++++ Recorded information ++++

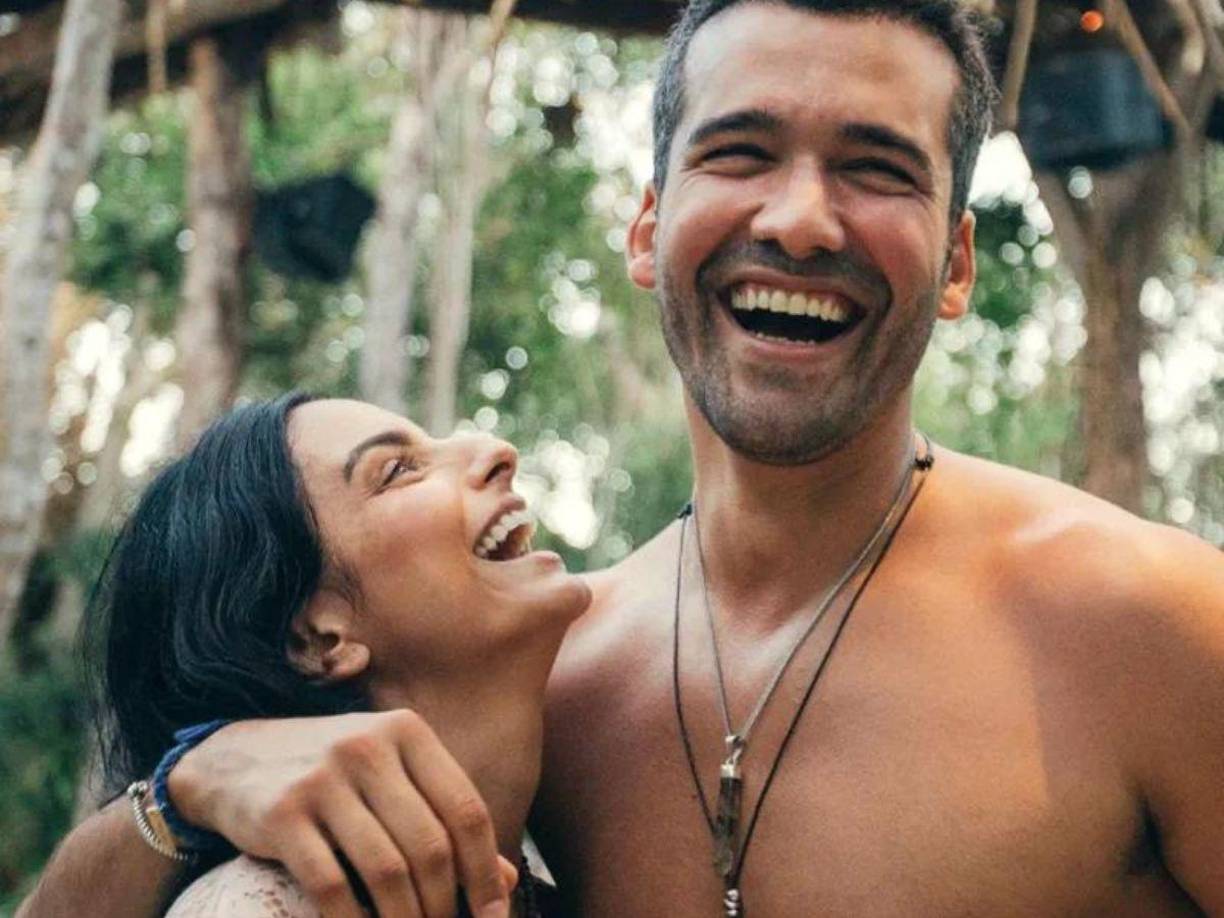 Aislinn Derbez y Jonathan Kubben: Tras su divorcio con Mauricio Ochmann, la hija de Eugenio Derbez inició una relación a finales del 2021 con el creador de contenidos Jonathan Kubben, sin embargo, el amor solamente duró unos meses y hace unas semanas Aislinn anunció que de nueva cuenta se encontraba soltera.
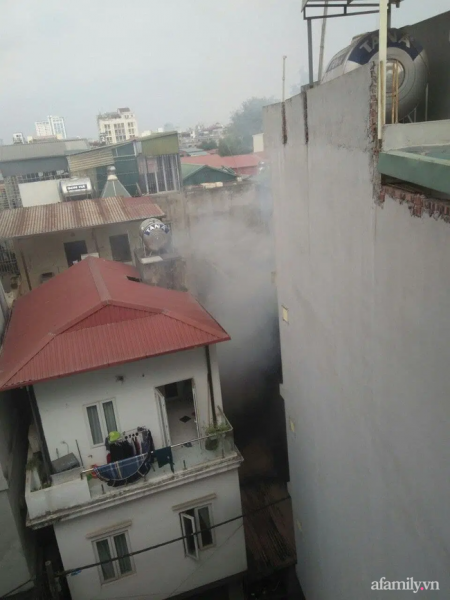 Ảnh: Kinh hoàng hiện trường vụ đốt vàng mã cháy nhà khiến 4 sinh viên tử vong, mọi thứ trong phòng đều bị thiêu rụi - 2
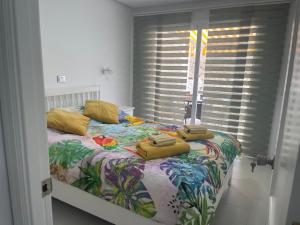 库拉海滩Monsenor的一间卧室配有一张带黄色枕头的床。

++++

Try it:
Leaving out the pictures, output each line above exactly as it is.

Expected answer:
 Aislinn Derbez y Jonathan Kubben: Tras su divorcio con Mauricio Ochmann, la hija de Eugenio Derbez inició una relación a finales del 2021 con el creador de contenidos Jonathan Kubben, sin embargo, el amor solamente duró unos meses y hace unas semanas Aislinn anunció que de nueva cuenta se encontraba soltera.
 Ảnh: Kinh hoàng hiện trường vụ đốt vàng mã cháy nhà khiến 4 sinh viên tử vong, mọi thứ trong phòng đều bị thiêu rụi - 2
 库拉海滩Monsenor的一间卧室配有一张带黄色枕头的床。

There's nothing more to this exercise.